▶ **Problem statement**: Starting at the line with "el municipio Monagas", copy each line through the last one below exactly as written, without any pictures.

▶ **Material for this exercise**:
Start of Block

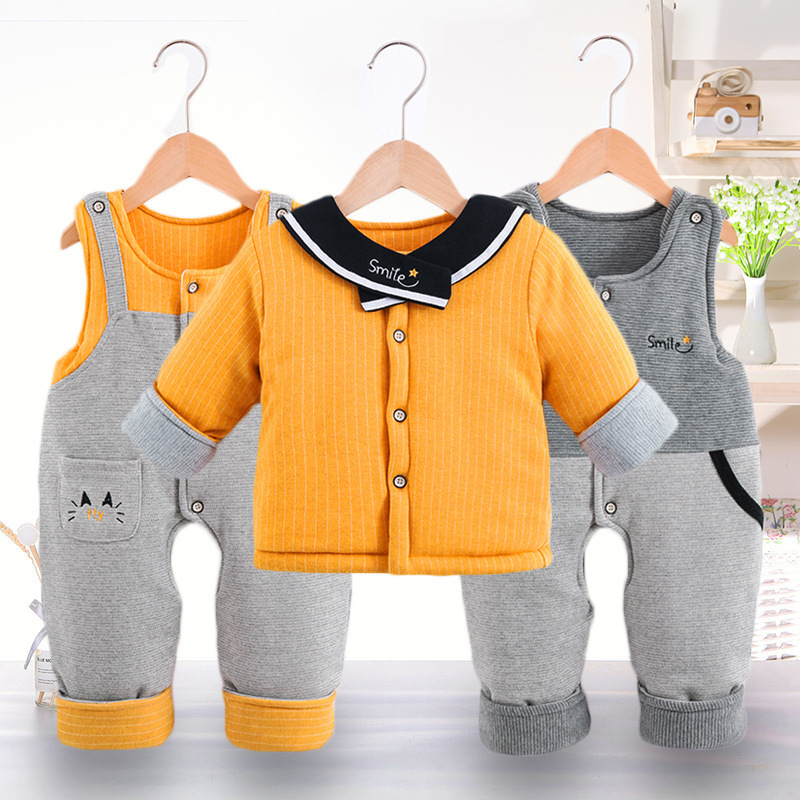 Bebé ropa de algodón acolchado de invierno engrosada traje de tres piezas bebé invierno mono chaqueta de algodón acolchado entrega de una pieza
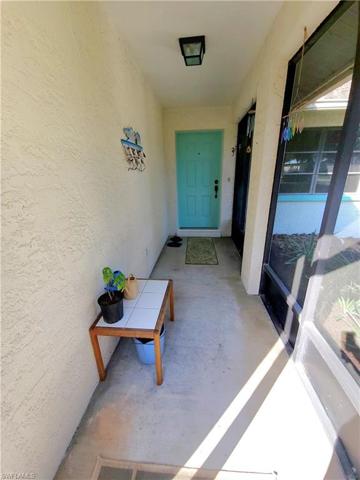 Front Entry Way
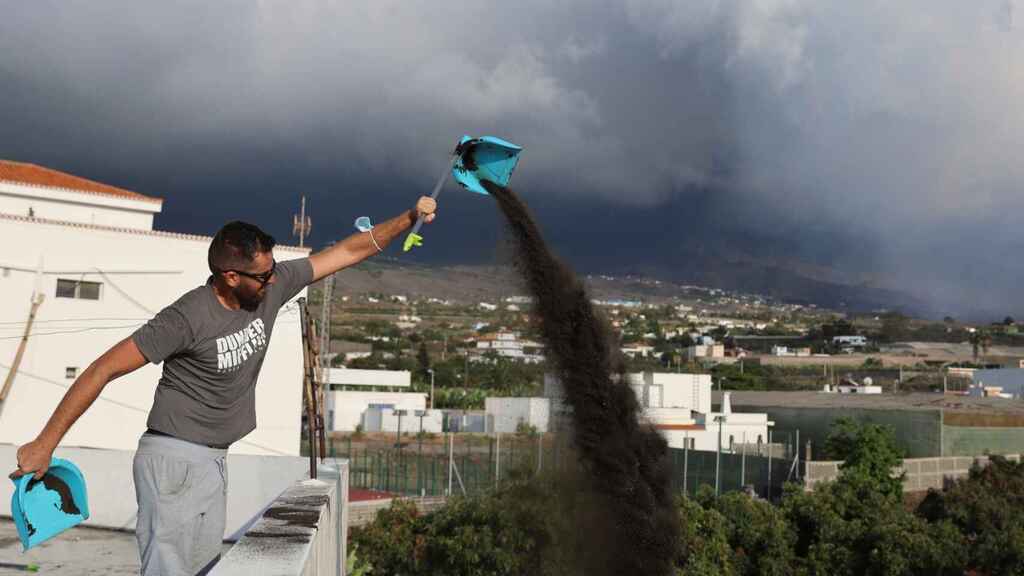 Los vecinos del volcán de la isla de La Palma vuelven a sus casas a pelear contra un mar de ceniza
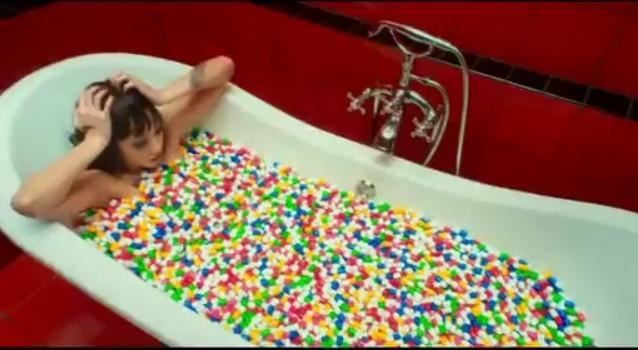 日女星泽尻英龙华全裸激情剧照曝光 大方露点(组图)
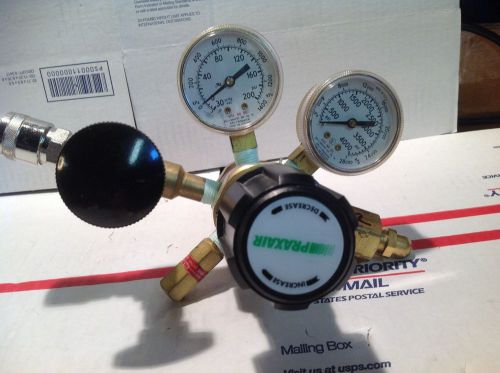 Praxair gas regulator cga 540  model 412331-540 cga-540  with shut off valve #2 for sale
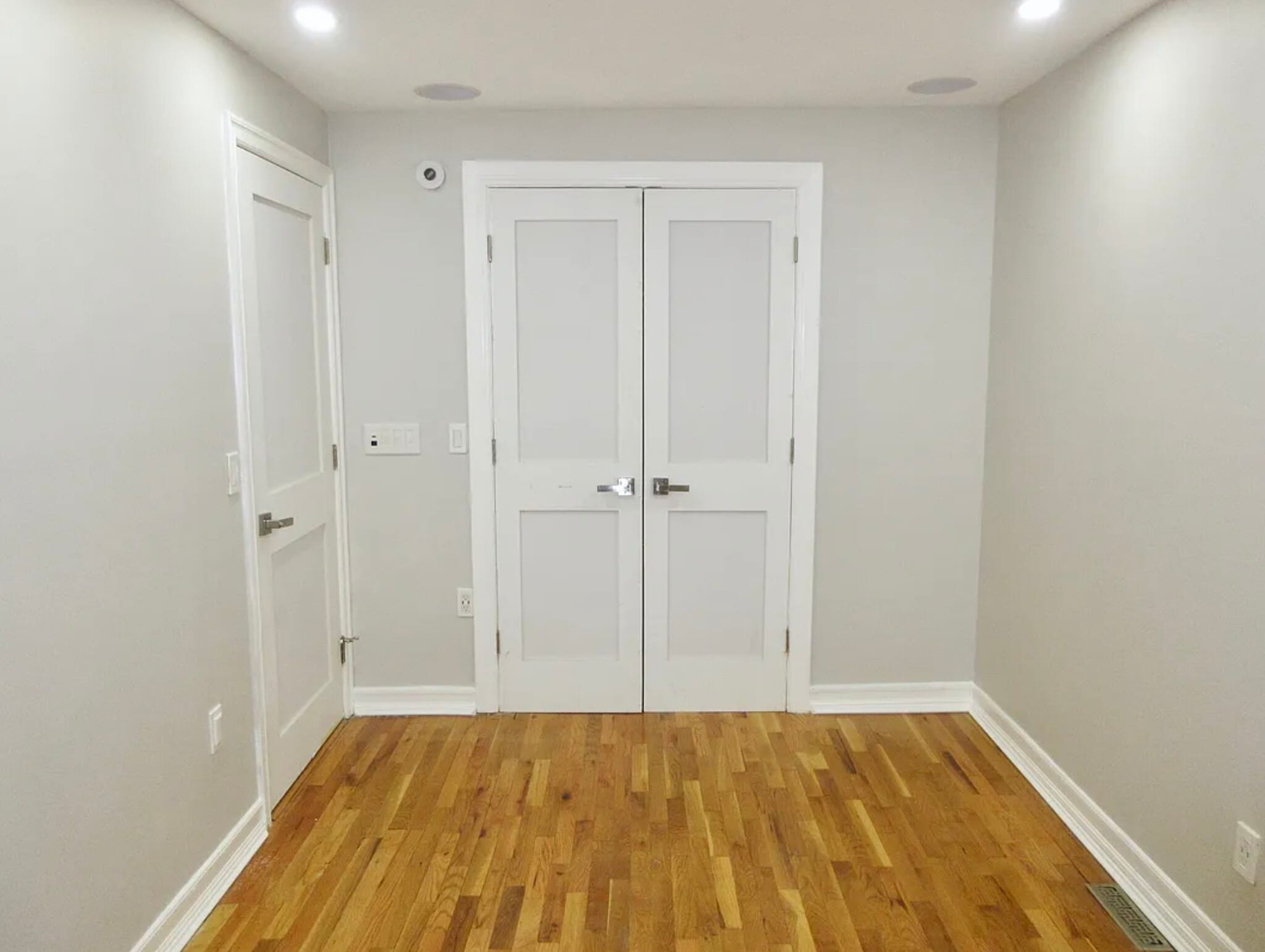 Building Photo - 422 Clermont Ave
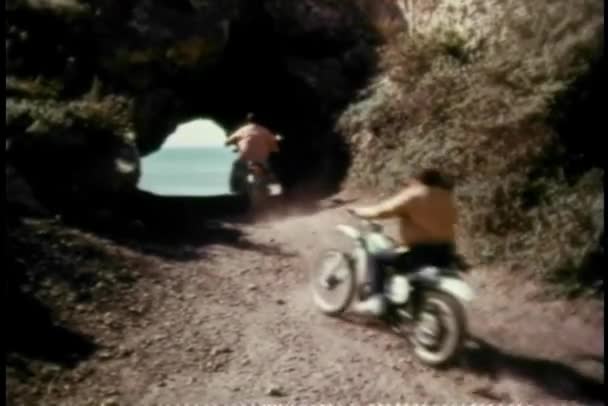 Männer Auf Motorrädern Fahren Durch Tunnel Zum Meer — Stockvideo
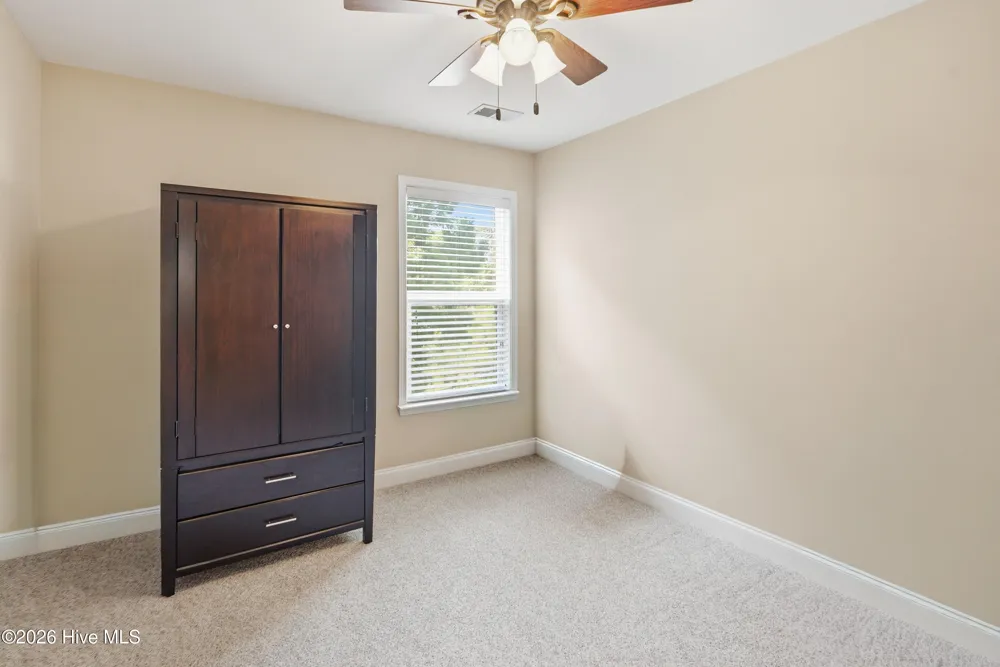 5224 Shipmast Way Southport, NC 28461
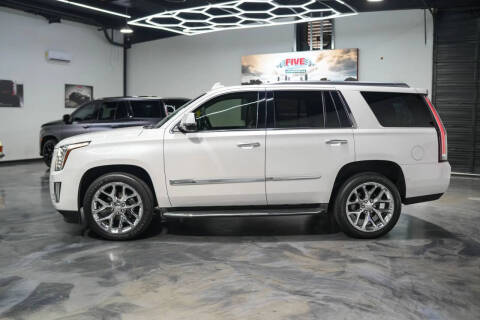 2016 Cadillac Escalade Luxury Collection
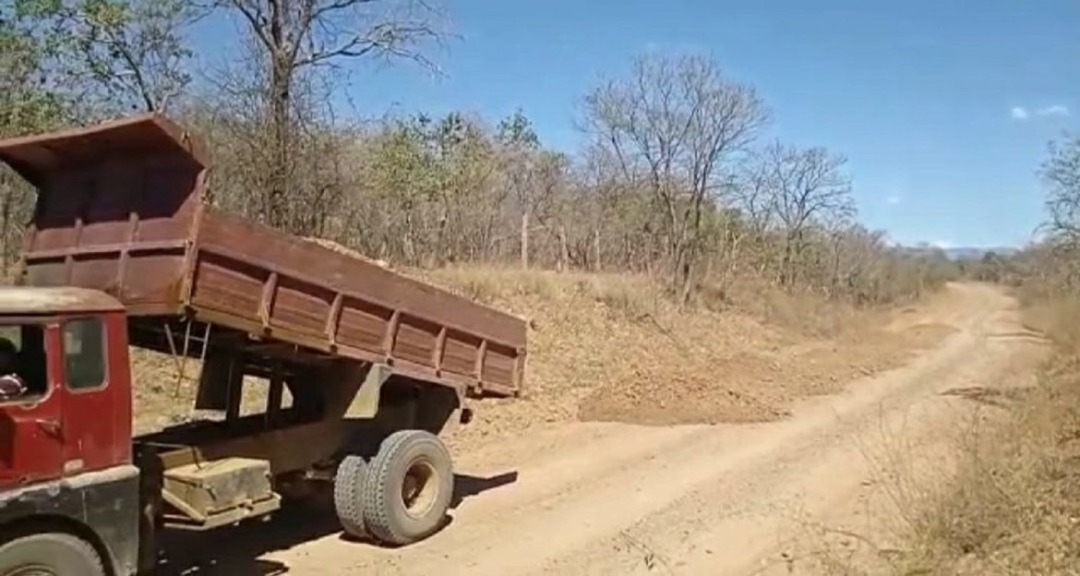 ¿Y el régimen qué hace? Productores guariqueños culminaron vialidad en el municipio Monagas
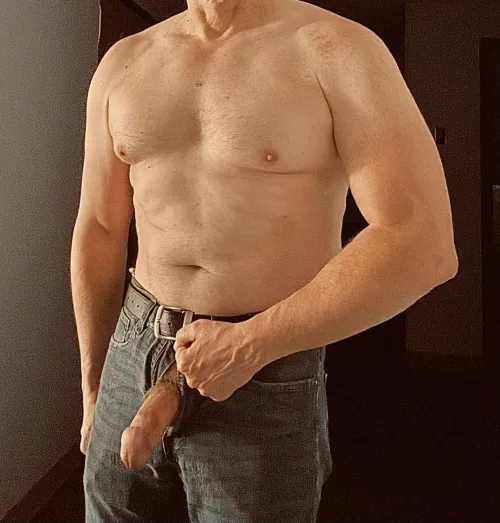 Older Dom looking for worship. DMs open. by No-Aioli1687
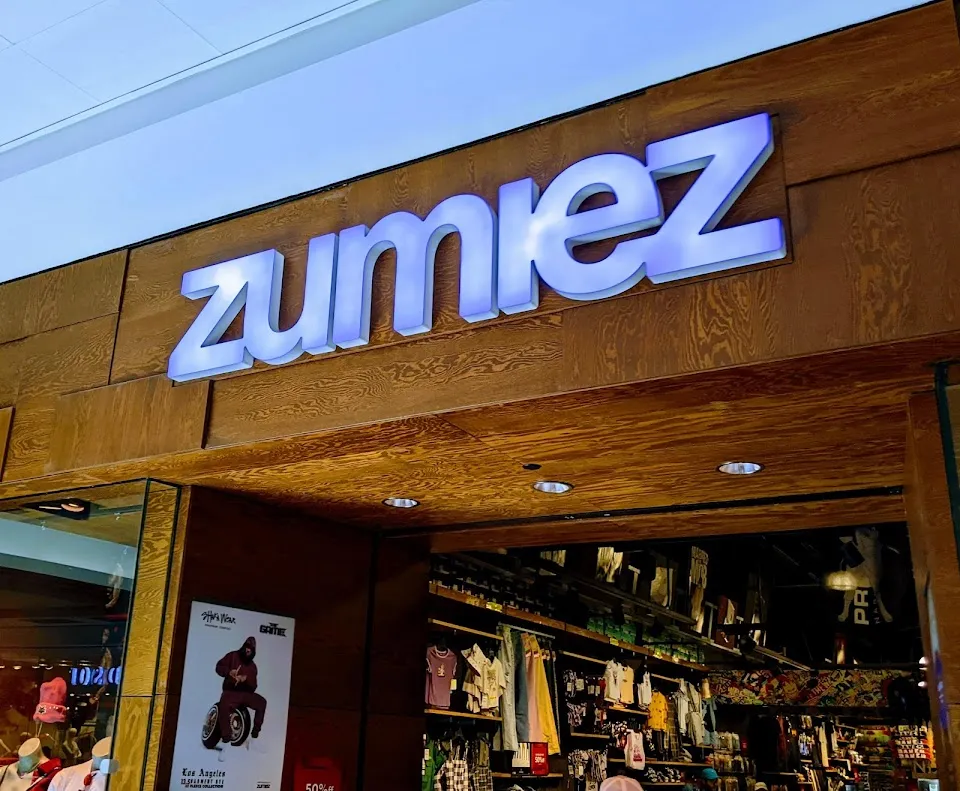 Zumiez
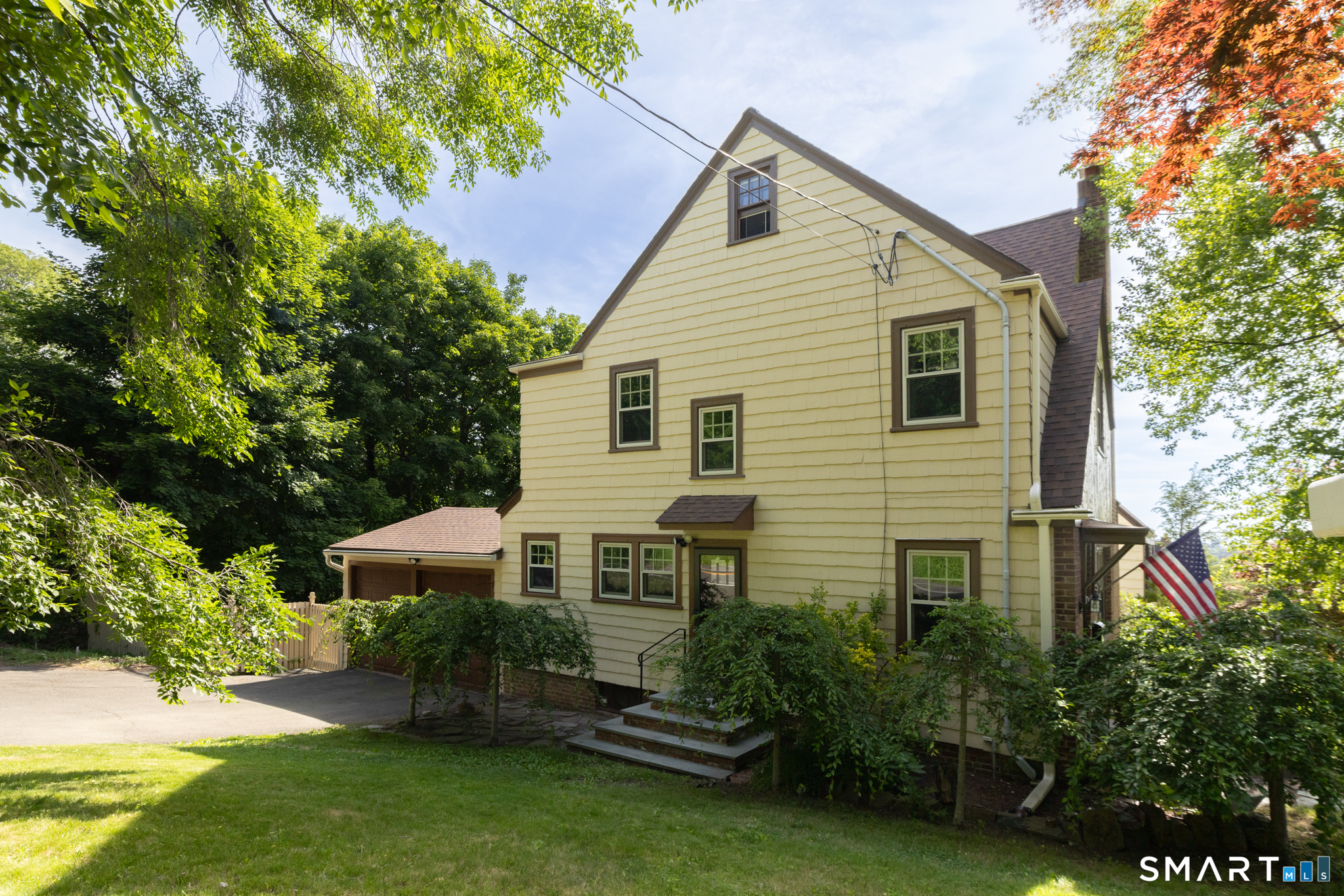 127 Roger Road photo 36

End of Block

▶ **Reply**:
 ¿Y el régimen qué hace? Productores guariqueños culminaron vialidad en el municipio Monagas
 Older Dom looking for worship. DMs open. by No-Aioli1687
 Zumiez
 127 Roger Road photo 36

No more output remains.